─── Provided data ───

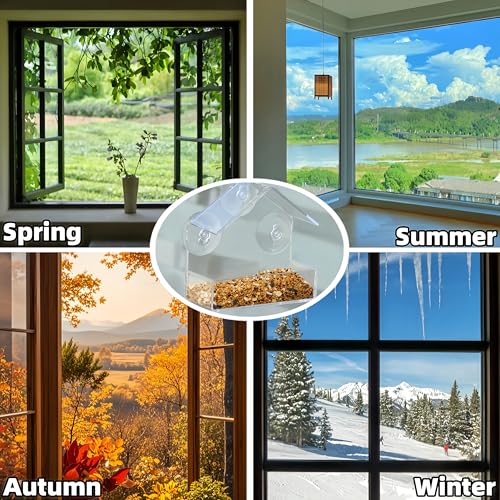 2 Pack Window Bird Feeder for Outdoors Clear Feeders Window Mounted with Strong Suction Cups Fummingbird Feeder Acrylic Birdfeeders for Viewing Wild Birds Outside, Interactive Cat Toys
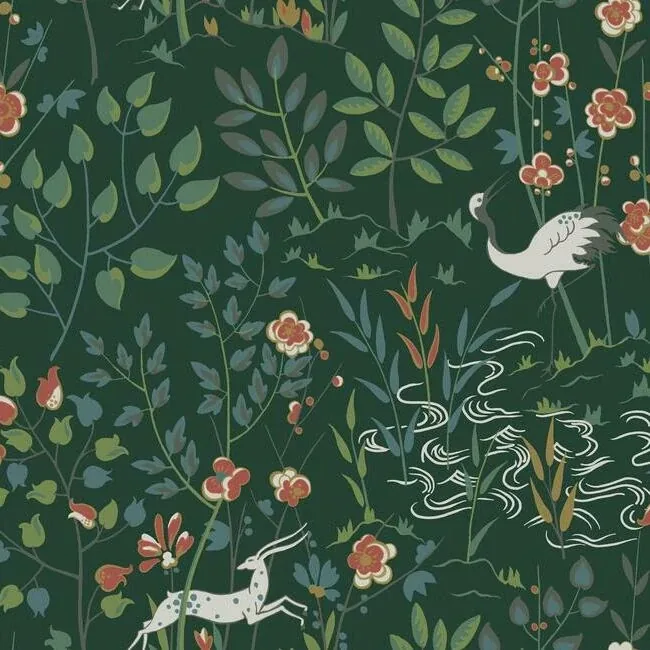 HO2126 | Aspen Dark Green Wallpaper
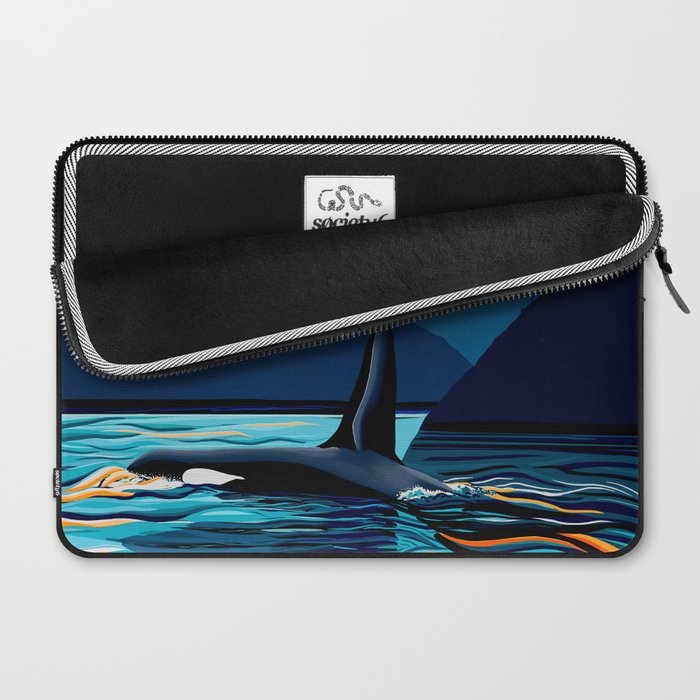 Orca into the Fire Sky Laptop Sleeve Gallery Image 2
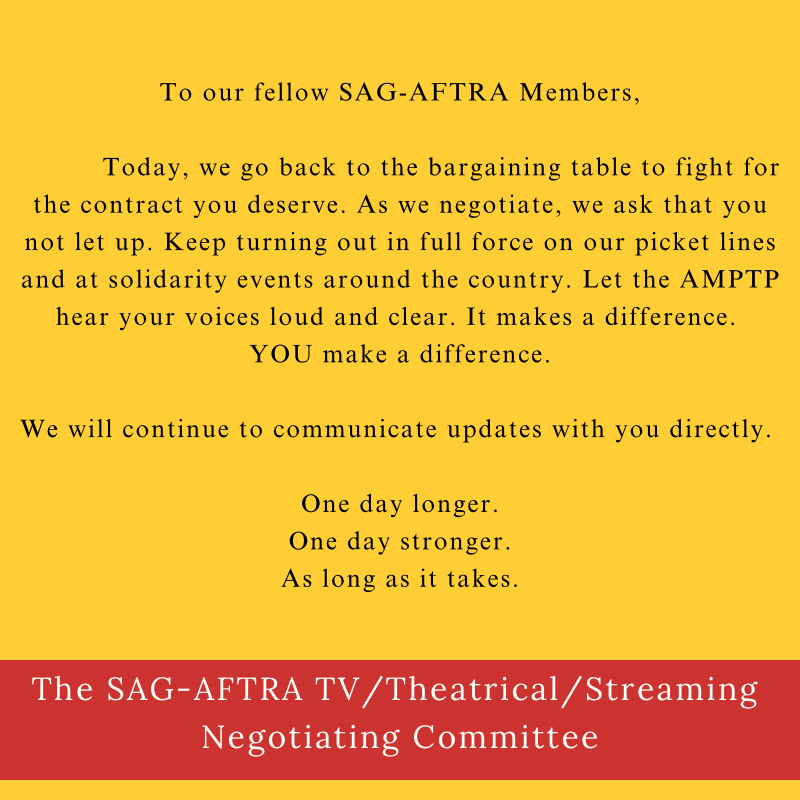 Today, we go back to the bargaining table to fight for the contract you deserve. Keep turning out in full force on our picket lines and at solidarity events around the country. Let the AMPTP hear your voices loud and clear. It makes a difference. YOU make a difference.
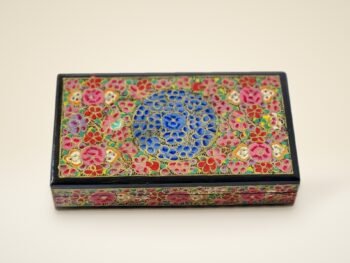 Kashmiri Floral Gold Ring Box – Eco-Friendly Paper Mache Craft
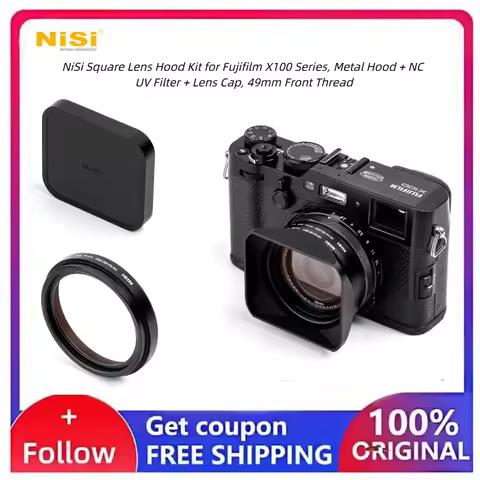 NiSi Black Adapter Hood Kit For Fujifilm X100 Series X100S X100F X100T X100V X100VI Metal Lens Hood 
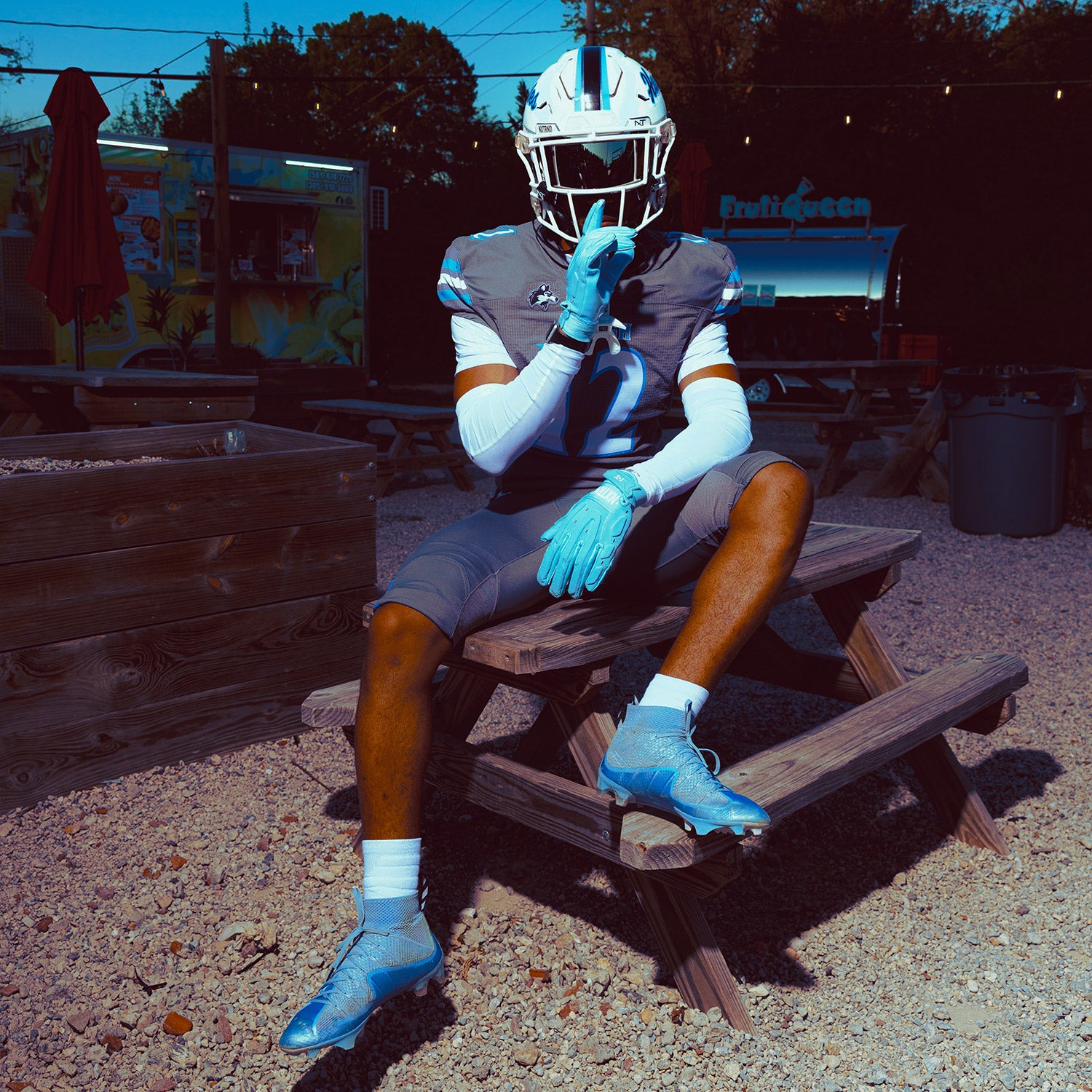 NXTRND G3® Pro Padded Football Gloves Columbia Blue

───

Directions for this task
Omitting all pictures, retype exactly the lines from the line containing "NiSi Black Adapter" down to the last line above, both ends included.

The answer
 NiSi Black Adapter Hood Kit For Fujifilm X100 Series X100S X100F X100T X100V X100VI Metal Lens Hood 
 NXTRND G3® Pro Padded Football Gloves Columbia Blue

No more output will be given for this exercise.